(DATASET ENTRIES begins)
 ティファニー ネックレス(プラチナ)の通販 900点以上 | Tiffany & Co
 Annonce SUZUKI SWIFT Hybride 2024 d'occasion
(DATASET ENTRIES ends)
(DATASET ENTRIES begins)
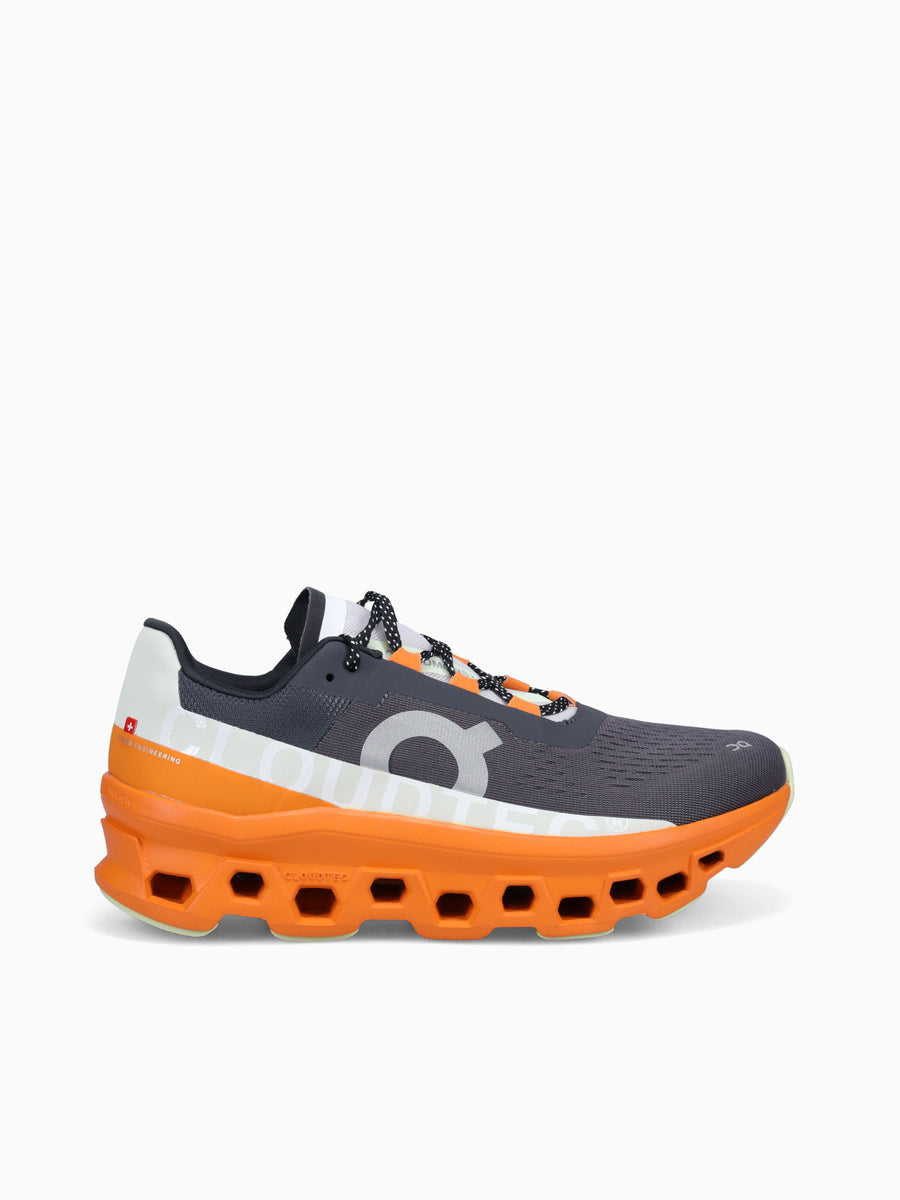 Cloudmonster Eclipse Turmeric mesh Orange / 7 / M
(DATASET ENTRIES ends)
(DATASET ENTRIES begins)
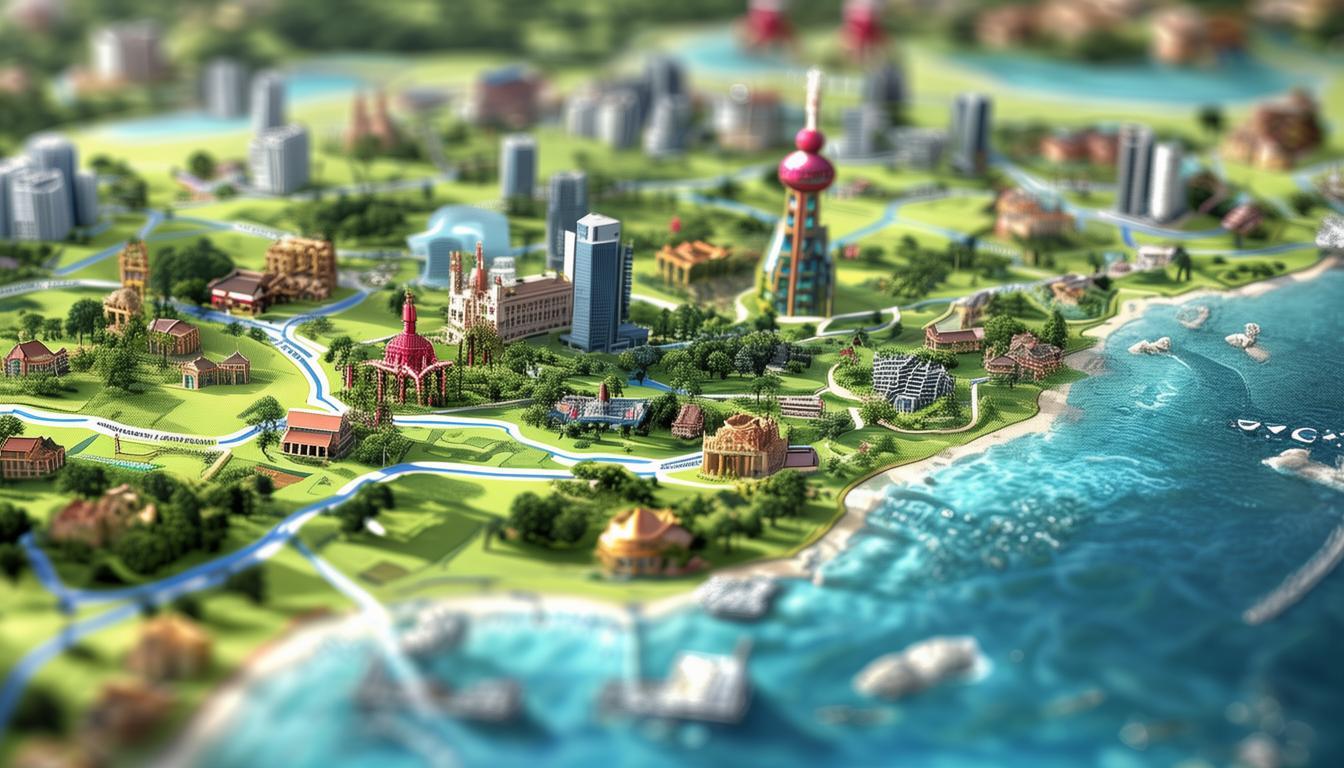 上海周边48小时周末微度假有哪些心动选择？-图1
(DATASET ENTRIES ends)
### WORK ORDER
Give the exact lines, and only those, from the line containing "ティファニー ネックレス(プラチナ)の通販 900点以上 | Tiffany & Co" through the line containing "Annonce SUZUKI SWIFT Hybride 2024 d'occasion" in the entries above.

### OUTPUT BELOW
 ティファニー ネックレス(プラチナ)の通販 900点以上 | Tiffany & Co
 Annonce SUZUKI SWIFT Hybride 2024 d'occasion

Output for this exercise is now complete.